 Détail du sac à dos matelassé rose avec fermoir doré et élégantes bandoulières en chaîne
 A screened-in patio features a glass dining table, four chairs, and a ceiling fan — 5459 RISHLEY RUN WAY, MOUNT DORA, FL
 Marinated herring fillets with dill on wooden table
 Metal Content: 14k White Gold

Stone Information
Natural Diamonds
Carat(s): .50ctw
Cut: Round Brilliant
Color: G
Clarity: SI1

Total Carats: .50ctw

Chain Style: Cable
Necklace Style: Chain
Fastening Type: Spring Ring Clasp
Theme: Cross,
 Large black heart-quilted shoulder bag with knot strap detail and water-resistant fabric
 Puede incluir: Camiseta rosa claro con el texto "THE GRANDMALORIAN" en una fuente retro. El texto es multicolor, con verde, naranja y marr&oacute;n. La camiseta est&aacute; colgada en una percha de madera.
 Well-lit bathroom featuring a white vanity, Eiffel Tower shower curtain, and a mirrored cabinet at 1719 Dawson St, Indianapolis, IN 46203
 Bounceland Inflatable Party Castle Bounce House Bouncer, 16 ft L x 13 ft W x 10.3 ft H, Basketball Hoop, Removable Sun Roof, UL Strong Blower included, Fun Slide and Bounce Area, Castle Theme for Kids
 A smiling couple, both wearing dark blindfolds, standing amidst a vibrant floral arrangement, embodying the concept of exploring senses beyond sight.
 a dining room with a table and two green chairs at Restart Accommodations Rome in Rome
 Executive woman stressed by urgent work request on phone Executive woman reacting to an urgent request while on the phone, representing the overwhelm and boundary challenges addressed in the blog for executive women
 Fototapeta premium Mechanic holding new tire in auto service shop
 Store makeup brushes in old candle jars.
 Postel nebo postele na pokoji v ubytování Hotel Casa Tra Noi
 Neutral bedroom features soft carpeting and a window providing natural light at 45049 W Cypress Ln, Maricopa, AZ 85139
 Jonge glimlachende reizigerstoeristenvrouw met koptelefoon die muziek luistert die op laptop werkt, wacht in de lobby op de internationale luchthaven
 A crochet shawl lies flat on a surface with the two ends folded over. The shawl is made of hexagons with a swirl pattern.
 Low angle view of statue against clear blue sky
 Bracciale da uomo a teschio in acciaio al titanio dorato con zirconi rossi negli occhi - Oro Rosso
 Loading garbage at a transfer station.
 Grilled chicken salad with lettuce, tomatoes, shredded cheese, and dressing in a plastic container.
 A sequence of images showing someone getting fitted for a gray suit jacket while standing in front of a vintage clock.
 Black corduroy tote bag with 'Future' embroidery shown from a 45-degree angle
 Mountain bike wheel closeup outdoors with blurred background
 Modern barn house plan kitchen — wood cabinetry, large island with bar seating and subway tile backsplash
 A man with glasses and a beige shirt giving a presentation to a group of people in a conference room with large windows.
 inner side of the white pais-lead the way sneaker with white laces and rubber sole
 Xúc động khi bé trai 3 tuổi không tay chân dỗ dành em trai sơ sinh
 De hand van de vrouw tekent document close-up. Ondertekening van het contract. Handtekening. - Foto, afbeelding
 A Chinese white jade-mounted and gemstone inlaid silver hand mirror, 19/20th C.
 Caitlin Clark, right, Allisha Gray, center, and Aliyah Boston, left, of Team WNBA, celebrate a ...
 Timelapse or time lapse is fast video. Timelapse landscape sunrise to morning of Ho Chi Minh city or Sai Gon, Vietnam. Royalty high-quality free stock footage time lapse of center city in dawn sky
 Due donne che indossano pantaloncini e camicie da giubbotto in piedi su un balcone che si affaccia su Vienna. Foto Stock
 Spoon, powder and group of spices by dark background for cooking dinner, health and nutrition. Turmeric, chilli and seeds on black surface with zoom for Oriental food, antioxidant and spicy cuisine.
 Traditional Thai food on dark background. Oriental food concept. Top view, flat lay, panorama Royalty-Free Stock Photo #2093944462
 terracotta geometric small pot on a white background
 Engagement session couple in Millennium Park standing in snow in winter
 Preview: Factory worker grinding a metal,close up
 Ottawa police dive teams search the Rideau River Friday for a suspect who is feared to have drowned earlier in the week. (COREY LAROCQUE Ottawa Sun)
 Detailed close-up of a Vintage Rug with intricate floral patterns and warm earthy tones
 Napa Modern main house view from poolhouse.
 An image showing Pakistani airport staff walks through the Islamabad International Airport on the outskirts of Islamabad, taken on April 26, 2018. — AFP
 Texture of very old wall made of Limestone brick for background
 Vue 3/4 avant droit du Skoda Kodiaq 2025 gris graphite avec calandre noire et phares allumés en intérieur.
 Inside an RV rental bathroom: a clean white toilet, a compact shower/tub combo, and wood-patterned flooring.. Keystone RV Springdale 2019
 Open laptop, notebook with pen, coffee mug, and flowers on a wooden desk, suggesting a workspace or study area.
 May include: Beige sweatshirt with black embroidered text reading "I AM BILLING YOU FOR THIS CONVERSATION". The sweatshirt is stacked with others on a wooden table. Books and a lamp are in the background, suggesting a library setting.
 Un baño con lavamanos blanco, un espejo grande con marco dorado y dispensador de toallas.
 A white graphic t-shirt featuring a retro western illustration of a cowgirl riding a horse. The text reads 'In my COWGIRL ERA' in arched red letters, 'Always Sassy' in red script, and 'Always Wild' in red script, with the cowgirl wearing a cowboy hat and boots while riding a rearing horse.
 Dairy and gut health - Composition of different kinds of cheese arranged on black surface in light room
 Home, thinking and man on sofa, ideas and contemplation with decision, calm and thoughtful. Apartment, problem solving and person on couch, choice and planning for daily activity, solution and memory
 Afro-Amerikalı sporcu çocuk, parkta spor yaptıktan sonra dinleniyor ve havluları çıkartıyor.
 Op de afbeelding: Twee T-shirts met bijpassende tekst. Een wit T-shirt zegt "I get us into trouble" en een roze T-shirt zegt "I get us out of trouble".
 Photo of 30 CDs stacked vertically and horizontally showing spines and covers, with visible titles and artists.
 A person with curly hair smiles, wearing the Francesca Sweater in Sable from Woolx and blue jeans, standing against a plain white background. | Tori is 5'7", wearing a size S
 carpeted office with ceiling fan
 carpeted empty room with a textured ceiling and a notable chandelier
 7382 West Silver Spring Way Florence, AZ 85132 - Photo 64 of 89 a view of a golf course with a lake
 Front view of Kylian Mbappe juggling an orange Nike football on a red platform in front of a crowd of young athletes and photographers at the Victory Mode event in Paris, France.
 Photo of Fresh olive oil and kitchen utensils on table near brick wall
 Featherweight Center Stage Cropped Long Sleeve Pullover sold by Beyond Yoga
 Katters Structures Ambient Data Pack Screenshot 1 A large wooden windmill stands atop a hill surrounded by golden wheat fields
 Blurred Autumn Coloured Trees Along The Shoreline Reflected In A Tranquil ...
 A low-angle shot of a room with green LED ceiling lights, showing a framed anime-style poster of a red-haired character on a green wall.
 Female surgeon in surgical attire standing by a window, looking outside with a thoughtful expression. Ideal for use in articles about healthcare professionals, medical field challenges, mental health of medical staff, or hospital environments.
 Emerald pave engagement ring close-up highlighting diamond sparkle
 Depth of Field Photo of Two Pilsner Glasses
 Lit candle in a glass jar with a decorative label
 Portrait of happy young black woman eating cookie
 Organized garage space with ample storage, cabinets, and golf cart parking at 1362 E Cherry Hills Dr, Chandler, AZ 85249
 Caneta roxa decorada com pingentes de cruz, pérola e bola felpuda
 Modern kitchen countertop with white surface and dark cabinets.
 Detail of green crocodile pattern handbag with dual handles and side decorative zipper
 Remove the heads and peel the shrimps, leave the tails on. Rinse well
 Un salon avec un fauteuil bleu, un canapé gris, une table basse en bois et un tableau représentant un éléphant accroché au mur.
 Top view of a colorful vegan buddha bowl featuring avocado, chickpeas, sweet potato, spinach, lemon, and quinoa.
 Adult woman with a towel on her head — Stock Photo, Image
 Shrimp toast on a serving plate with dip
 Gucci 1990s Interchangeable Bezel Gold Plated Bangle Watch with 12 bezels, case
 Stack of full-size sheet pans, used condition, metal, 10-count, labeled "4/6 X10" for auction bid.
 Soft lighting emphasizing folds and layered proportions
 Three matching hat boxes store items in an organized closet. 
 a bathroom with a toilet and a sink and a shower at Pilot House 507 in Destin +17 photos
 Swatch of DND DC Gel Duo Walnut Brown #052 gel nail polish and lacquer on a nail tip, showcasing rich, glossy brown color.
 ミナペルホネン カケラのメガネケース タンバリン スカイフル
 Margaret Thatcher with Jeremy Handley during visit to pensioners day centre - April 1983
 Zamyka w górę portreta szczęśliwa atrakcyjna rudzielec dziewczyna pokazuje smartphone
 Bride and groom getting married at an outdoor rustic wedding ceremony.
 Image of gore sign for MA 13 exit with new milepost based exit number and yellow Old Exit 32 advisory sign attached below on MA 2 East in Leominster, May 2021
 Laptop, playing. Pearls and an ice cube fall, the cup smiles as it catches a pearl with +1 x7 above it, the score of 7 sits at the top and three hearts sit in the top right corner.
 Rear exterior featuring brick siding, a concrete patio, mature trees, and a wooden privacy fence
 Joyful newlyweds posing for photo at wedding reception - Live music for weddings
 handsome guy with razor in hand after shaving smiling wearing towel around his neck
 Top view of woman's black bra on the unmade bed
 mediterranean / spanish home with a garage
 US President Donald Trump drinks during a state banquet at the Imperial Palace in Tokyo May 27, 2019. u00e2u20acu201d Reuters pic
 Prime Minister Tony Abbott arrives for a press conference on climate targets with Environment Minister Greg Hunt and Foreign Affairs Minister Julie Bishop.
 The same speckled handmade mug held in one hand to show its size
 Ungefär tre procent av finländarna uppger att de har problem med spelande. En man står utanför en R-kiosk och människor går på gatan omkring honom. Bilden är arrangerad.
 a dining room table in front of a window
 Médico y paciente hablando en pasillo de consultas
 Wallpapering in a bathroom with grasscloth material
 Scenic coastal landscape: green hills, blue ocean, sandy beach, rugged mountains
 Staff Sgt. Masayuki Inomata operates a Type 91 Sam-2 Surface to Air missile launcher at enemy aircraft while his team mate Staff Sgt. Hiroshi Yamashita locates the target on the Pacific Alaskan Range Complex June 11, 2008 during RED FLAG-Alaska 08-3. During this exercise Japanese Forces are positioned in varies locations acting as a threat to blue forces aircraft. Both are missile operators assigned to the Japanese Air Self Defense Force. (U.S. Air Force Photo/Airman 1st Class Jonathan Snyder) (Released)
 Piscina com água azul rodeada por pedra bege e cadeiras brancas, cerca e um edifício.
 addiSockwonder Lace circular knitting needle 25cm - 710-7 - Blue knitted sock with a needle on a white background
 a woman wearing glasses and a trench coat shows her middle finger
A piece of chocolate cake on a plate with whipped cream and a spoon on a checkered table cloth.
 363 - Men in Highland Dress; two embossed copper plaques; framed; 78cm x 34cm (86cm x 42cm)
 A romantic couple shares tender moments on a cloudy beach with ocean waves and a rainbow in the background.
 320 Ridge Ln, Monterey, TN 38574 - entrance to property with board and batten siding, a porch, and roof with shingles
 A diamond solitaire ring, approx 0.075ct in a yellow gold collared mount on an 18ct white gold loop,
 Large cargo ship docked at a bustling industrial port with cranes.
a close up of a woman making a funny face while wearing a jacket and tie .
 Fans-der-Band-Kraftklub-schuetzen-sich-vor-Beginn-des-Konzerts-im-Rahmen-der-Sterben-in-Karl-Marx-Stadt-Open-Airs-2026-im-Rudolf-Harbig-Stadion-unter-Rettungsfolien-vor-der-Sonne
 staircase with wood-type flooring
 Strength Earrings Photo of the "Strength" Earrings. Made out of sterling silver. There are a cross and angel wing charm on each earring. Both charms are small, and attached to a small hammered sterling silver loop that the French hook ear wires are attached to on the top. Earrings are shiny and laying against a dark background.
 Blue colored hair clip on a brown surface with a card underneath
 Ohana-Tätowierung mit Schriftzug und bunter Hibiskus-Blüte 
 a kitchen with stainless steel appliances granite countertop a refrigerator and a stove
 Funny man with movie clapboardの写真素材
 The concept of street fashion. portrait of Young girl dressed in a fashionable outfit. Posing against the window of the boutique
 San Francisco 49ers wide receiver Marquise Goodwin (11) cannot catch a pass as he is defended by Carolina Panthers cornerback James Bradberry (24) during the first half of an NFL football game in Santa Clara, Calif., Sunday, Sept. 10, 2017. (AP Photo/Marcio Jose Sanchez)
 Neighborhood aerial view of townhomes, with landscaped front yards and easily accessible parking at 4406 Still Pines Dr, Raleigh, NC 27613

Your instructions:
Search the listing above for the lines with "A person with" and "A low-angle shot", then output those lines and all lines between them exactly.

Answer for the task:
 A person with curly hair smiles, wearing the Francesca Sweater in Sable from Woolx and blue jeans, standing against a plain white background. | Tori is 5'7", wearing a size S
 carpeted office with ceiling fan
 carpeted empty room with a textured ceiling and a notable chandelier
 7382 West Silver Spring Way Florence, AZ 85132 - Photo 64 of 89 a view of a golf course with a lake
 Front view of Kylian Mbappe juggling an orange Nike football on a red platform in front of a crowd of young athletes and photographers at the Victory Mode event in Paris, France.
 Photo of Fresh olive oil and kitchen utensils on table near brick wall
 Featherweight Center Stage Cropped Long Sleeve Pullover sold by Beyond Yoga
 Katters Structures Ambient Data Pack Screenshot 1 A large wooden windmill stands atop a hill surrounded by golden wheat fields
 Blurred Autumn Coloured Trees Along The Shoreline Reflected In A Tranquil ...
 A low-angle shot of a room with green LED ceiling lights, showing a framed anime-style poster of a red-haired character on a green wall.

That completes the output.